Proteomic profiling of CD133 + and CD326 + (EpCAM) subpopulations in A549 cells: insights into pluripotency and tumor heterogeneity.

[OBJECTIVE] This study aimed to isolate different cancer cell populations and characterize their secretome profiles to better understand their functional roles in metastasis and tumor progression. For this purpose, we analyzed the secretomes of CD133 and CD326 (EpCAM) positive subpopulations derived from the A549 cell line.

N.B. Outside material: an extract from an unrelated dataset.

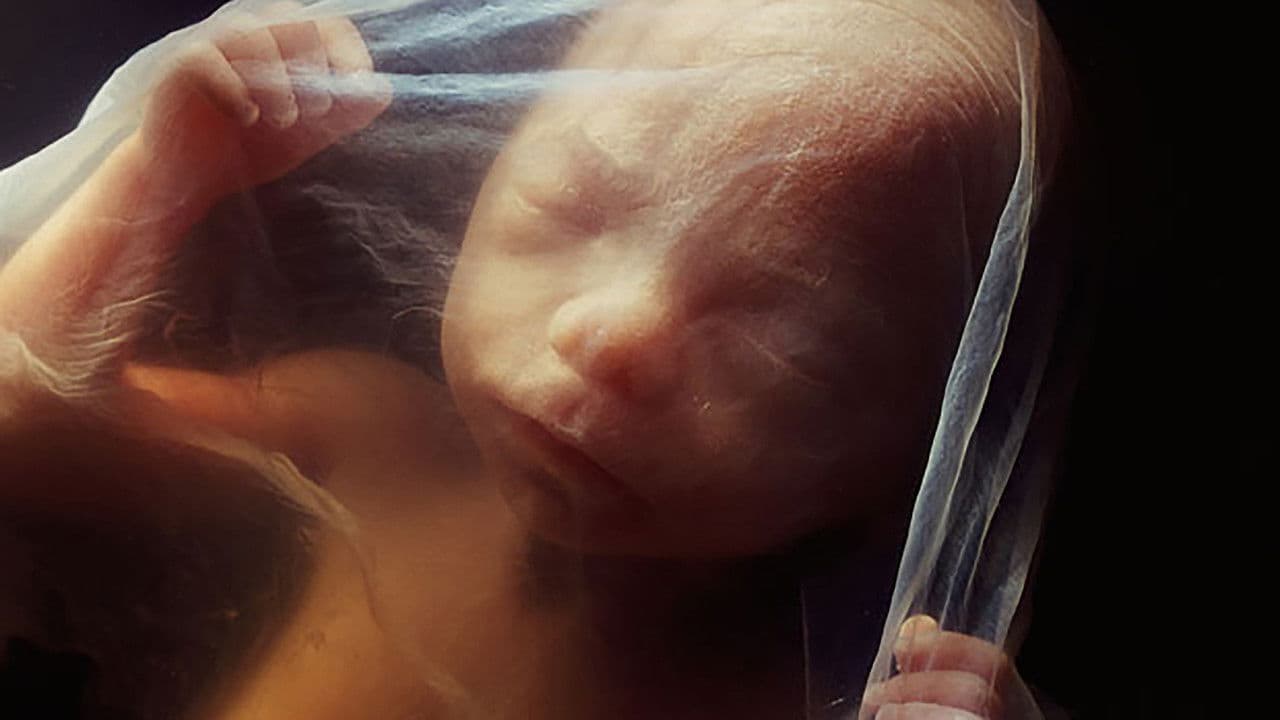 BRAVE NEW SWITZERLAND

[METHODS] CD133 positive (cancer stem cell marker) and CD326 positive (pluripotent stem cell marker) cells were isolated from the A549 non-small cell lung cancer cell line using magnetic cell separation. Secretome proteins from these subpopulations, along with parental A549 cells, were analyzed using bottom-up proteomics via liquid chromatography-tandem mass spectrometry (LC-MS/MS). The resulting datasets were further evaluated through bioinformatics analyses.

[RESULTS] CD133 positive cells were associated with angiogenesis, mesenchymal stem cell differentiation, and enhanced cell migration. In contrast, CD326 positive cells demonstrated pluripotent characteristics linked to epithelial-mesenchymal transition, neuronal differentiation, and placental morphogenesis, indicating a potential role in metastatic processes. Additionally, SERPINE2 and ADAM10 were identified as potential biomarkers for lung cancer, while YWHAZ and TRIM28 were associated with pluripotent cancer stem cell phenotypes.

[CONCLUSION] These findings support the existence of distinct cancer stem cell subtypes exhibiting multipotent and pluripotent properties. Secretome profiling provides valuable insights into tumor heterogeneity and highlights novel biomarker candidates, offering potential avenues for improved diagnosis and targeted therapeutic strategies in lung cancer.